■ Work to complete ■
Once you reach the line containing "Blue Product Image" in the data below, restate each line word for word up to and including the one containing "Wreath and trophy cup 3D Baskı Modeli".

■ Source records ■
▽
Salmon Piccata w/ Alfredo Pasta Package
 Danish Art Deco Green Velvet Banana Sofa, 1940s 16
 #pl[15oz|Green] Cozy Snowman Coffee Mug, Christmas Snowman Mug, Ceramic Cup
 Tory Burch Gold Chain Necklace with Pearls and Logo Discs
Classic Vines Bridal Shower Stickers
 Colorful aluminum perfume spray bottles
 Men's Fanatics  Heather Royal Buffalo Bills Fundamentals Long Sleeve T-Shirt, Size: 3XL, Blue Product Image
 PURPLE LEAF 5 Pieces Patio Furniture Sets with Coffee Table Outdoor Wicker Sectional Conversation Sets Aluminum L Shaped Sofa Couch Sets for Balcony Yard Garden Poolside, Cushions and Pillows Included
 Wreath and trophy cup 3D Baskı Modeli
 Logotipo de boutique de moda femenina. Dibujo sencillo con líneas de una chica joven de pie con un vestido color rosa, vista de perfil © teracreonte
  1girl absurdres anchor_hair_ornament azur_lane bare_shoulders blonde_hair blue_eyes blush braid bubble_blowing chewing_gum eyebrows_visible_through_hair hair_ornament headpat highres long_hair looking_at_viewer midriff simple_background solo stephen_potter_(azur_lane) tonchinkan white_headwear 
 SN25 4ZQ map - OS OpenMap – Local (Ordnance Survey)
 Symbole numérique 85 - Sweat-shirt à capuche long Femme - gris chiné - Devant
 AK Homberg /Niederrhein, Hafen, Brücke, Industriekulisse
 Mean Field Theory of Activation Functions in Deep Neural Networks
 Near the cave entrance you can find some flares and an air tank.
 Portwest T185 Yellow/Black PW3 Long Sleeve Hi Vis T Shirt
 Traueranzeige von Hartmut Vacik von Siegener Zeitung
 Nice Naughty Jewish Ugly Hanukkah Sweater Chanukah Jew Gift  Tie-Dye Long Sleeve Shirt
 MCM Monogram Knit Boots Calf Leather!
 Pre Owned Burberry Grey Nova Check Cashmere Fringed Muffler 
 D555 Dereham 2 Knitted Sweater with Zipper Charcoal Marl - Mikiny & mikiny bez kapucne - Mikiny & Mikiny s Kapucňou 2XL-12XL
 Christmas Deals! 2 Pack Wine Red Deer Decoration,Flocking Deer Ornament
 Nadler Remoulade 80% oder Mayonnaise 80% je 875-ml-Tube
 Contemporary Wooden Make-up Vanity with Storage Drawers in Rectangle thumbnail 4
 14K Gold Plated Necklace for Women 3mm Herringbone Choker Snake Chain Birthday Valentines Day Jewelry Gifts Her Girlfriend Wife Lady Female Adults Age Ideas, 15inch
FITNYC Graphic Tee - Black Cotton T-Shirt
△
■ Solution ■
 Men's Fanatics  Heather Royal Buffalo Bills Fundamentals Long Sleeve T-Shirt, Size: 3XL, Blue Product Image
 PURPLE LEAF 5 Pieces Patio Furniture Sets with Coffee Table Outdoor Wicker Sectional Conversation Sets Aluminum L Shaped Sofa Couch Sets for Balcony Yard Garden Poolside, Cushions and Pillows Included
 Wreath and trophy cup 3D Baskı Modeli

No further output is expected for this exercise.